Ghani will be arriving in India on Wednesday to hold “close consultations" with Prime Minister Narendra Modi during which the Afghan President could ask India to speed up increased military assistance.
The Afghan President’s programme includes a lunch by Modi, an address to Indian businessmen and a speech at the Institute for Defence Studies and Analyses, a government-run think tank in New Delhi.
India has always considered Afghanistan as part of its extended neighbourhood and has sought friendly ties with Kabul, annoying regional rival Pakistan.
New Delhi has been one of the biggest donors to Afghanistan, pledging $2 billion in support for reconstruction programmes in the war-torn country.
The Indian foreign ministry, in a statement over the weekend, said discussions between Ghani and Modi will “provide an opportunity to continue the close and frequent consultations between the two friendly neighbours, including at the highest level."

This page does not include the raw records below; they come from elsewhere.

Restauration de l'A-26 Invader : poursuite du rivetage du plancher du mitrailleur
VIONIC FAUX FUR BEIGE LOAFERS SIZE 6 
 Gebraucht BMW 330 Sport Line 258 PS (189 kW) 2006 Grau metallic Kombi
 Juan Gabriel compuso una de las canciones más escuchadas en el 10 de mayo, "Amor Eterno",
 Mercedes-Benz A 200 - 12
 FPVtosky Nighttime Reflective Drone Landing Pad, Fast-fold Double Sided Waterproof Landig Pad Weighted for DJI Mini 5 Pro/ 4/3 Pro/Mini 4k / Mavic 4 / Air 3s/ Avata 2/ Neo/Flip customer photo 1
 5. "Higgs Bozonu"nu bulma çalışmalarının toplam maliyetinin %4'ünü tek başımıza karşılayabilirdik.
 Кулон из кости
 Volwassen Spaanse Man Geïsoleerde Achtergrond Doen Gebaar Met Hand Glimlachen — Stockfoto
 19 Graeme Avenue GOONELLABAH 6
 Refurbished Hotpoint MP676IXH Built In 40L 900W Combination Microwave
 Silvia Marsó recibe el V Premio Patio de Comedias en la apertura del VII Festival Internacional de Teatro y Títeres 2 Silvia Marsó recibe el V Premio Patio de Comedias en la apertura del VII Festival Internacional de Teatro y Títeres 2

“Such interaction is the hallmark of their strategic partnership and has guided the strengthening of all-round cooperation between the two countries," the statement added.
Afghanistan has been demanding increased defence supplies, including lethal weapons from India, which for the first time gave four Mi-25 attack helicopters to the war-torn country last year. At least two people familiar with the developments said India could respond positively to Afghanistan’s demand and announce new military assistance. This is a break from the past when India shied away from supplying lethal weapons to Afghanistan mainly due to pressure from the US, which was wary of upsetting Pakistan.
“Today, the US government is very comfortable with the idea of India increasing its support for Afghan security," said Ashley Tellis, senior associate with the Washington-based Carnegie Endowment for International Peace think tank.
“In fact, we are encouraging India to do more both on the economic and on the defence side. The problem is that India has material limitations in respect to how far it can increase its support. But even within its limits, India can do more—and should," he said.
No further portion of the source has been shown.